Kasus bermula dari laporan Rudy Ahmad Syafei Harahap ke Polda Jatim pada 13 September 2024. Laporan tersebut menyangkut dugaan pemalsuan surat dan penggelapan dana perusahaan.
Setelah serangkaian pemeriksaan, termasuk permintaan dokumen, Ditreskrimum Polda Jatim menerbitkan Surat Perintah Penyidikan dan menetapkan dua orang sebagai tersangka yakni Dahlan Iskan dan Nany Wijaya.
Dokumen penetapan tersangka itu ditandatangani oleh AKBP Arief Vidy, Kasubdit I Ditreskrimum, pada 7 Juli 2025.
Kuasa hukum Dahlan Iskan Johanes Dipa, menyayangkan penetapan tersangka tersebut. Dia menyebut kliennya bukanlah pihak yang dilaporkan dalam kasus ini.
“Kaget kenapa jadi tersangka. Klien kami bukan terlapor. Terlapor hanya NW,” kata Dipa, Selasa (8/7/2025).
Dia juga mempertanyakan alasan penetapan tersangka dilakukan ketika sengketa keperdataan masih berlangsung di Pengadilan Negeri Surabaya.

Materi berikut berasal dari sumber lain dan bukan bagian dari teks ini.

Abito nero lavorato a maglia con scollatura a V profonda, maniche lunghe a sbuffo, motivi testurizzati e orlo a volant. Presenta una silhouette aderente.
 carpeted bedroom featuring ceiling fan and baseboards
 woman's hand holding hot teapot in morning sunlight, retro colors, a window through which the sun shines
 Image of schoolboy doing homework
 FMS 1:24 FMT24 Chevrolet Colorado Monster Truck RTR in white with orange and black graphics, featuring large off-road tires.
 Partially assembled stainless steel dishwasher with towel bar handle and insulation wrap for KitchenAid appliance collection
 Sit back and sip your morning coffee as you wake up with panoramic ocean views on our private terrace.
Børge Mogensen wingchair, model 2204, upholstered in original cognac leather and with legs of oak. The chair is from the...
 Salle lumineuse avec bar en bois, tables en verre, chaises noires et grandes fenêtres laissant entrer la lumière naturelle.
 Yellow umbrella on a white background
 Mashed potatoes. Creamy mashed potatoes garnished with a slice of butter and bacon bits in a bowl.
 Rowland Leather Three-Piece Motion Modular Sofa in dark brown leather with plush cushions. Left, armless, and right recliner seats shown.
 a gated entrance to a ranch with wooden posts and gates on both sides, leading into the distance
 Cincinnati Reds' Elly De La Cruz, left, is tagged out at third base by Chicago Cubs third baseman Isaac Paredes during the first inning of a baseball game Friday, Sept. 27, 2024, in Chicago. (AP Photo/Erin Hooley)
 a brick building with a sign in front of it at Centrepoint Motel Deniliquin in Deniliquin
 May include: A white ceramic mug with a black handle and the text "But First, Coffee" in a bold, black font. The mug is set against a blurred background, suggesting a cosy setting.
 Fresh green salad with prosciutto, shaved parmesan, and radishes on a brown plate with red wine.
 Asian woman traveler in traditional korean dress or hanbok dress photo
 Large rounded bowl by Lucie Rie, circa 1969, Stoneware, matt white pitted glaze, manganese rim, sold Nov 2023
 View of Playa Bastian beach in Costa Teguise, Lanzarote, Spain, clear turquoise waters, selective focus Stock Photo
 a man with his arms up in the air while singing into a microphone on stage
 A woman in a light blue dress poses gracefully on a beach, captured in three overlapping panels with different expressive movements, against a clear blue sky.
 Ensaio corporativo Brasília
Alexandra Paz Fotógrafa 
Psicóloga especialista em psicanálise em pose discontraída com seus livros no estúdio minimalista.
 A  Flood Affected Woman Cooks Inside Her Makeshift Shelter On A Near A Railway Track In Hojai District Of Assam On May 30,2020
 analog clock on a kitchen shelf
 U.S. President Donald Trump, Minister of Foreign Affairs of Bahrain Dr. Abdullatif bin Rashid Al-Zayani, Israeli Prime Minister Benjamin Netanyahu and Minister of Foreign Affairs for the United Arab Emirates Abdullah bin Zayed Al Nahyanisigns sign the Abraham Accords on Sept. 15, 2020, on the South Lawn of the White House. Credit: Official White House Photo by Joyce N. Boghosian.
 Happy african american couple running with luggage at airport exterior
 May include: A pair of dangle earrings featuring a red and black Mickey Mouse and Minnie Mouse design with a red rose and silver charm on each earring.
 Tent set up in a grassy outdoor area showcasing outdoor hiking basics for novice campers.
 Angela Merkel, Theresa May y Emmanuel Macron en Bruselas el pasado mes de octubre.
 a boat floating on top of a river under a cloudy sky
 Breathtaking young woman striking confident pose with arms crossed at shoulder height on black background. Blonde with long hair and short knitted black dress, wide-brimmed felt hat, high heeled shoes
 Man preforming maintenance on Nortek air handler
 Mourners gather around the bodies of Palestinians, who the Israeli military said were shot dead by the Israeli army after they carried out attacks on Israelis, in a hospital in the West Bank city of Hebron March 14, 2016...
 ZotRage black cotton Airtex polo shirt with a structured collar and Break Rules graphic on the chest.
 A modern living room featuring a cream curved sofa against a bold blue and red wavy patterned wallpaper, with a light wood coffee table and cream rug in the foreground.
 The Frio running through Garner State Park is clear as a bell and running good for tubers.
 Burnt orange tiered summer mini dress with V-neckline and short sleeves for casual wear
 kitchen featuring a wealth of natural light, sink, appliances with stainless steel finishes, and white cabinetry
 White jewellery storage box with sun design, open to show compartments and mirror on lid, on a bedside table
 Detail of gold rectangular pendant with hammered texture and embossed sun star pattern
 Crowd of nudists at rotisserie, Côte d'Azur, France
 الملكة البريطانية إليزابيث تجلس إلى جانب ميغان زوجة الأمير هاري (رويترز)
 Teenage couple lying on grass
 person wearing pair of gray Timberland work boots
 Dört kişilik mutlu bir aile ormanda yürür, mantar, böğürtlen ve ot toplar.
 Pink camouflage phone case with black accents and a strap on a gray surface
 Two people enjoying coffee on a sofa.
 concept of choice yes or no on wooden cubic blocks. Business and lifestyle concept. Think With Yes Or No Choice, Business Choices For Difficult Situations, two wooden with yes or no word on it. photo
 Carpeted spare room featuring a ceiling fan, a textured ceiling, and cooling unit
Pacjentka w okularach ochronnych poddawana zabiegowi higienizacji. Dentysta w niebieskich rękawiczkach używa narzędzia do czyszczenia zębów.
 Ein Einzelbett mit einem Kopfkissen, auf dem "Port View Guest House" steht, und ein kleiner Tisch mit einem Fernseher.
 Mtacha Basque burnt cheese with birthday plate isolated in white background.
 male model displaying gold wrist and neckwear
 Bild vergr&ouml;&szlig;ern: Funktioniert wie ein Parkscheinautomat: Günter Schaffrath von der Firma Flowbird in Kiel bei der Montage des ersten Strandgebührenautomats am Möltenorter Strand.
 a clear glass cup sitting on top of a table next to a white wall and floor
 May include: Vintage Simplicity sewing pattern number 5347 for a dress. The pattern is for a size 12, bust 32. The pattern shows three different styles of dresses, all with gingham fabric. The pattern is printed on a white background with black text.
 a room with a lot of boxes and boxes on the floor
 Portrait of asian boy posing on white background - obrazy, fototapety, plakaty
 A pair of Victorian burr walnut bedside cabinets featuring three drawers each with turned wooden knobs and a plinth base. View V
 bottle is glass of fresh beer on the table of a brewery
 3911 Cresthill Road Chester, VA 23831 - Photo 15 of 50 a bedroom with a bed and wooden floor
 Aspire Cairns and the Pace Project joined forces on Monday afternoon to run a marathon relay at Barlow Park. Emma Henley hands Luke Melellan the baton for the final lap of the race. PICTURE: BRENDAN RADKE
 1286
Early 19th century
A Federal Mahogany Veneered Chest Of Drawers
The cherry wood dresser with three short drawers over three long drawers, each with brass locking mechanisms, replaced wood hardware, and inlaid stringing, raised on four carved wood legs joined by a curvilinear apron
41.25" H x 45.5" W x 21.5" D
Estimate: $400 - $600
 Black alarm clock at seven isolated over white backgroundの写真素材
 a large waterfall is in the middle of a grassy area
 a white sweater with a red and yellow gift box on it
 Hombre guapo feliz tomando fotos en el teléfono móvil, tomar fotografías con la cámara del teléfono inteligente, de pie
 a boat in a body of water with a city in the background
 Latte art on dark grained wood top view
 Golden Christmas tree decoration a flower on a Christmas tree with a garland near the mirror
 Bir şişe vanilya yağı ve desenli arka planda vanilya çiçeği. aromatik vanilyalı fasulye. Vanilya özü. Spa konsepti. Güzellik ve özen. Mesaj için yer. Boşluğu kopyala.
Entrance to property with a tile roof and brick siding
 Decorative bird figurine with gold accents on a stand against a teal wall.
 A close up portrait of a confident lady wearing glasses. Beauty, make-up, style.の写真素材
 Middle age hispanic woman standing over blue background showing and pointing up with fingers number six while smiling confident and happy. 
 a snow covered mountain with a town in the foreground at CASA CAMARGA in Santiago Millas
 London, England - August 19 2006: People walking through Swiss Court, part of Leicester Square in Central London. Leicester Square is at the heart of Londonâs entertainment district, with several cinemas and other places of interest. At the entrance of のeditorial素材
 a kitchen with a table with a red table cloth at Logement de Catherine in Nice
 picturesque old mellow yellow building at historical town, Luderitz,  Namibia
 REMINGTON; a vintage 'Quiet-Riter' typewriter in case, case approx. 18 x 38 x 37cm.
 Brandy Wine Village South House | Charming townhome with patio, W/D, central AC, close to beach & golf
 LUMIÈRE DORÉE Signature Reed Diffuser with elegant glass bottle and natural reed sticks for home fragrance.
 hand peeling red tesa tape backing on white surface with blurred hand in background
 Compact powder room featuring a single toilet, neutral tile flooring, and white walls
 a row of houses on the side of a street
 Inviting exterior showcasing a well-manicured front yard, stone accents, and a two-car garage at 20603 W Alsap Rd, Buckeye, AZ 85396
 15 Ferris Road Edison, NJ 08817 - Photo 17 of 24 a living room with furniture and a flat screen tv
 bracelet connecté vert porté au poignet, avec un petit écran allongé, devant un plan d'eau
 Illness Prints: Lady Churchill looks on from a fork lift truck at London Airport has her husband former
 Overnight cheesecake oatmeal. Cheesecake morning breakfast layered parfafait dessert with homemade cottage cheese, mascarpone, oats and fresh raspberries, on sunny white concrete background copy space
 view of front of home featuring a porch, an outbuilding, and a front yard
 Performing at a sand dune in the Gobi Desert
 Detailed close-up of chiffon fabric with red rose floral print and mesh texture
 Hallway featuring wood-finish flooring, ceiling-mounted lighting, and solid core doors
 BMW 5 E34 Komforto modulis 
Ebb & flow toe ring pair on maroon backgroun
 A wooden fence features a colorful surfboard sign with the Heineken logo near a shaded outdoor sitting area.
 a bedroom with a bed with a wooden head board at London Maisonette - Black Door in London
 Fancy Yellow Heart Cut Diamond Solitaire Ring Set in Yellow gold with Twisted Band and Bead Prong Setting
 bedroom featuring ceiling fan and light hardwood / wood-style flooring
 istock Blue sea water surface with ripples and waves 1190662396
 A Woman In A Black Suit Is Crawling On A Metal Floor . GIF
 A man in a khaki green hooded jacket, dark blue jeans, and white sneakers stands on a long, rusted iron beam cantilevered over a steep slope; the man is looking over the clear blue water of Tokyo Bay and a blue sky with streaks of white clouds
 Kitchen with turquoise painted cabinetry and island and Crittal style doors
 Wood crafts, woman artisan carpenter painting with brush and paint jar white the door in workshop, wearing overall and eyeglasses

“Jangan-jangan ini karena masalah gugatan PKPU,” ujarnya, merujuk pada langkah hukum Dahlan yang mengajukan Penundaan Kewajiban Pembayaran Utang (PKPU) terhadap PT Jawa Pos.
Kembali ke dalam tulisannya, Dahlan mengungkap bahwa kepemilikan saham Nyata berbeda dengan Jawa Pos. Dia menilai konflik ini sebagai kesalahpahaman pimpinan Jawa Pos saat ini yang tidak mengetahui sejarah perusahaan.
“Saya tegaskan tidak semua media yang saya pimpin adalah milik Jawa Pos,” ujarnya.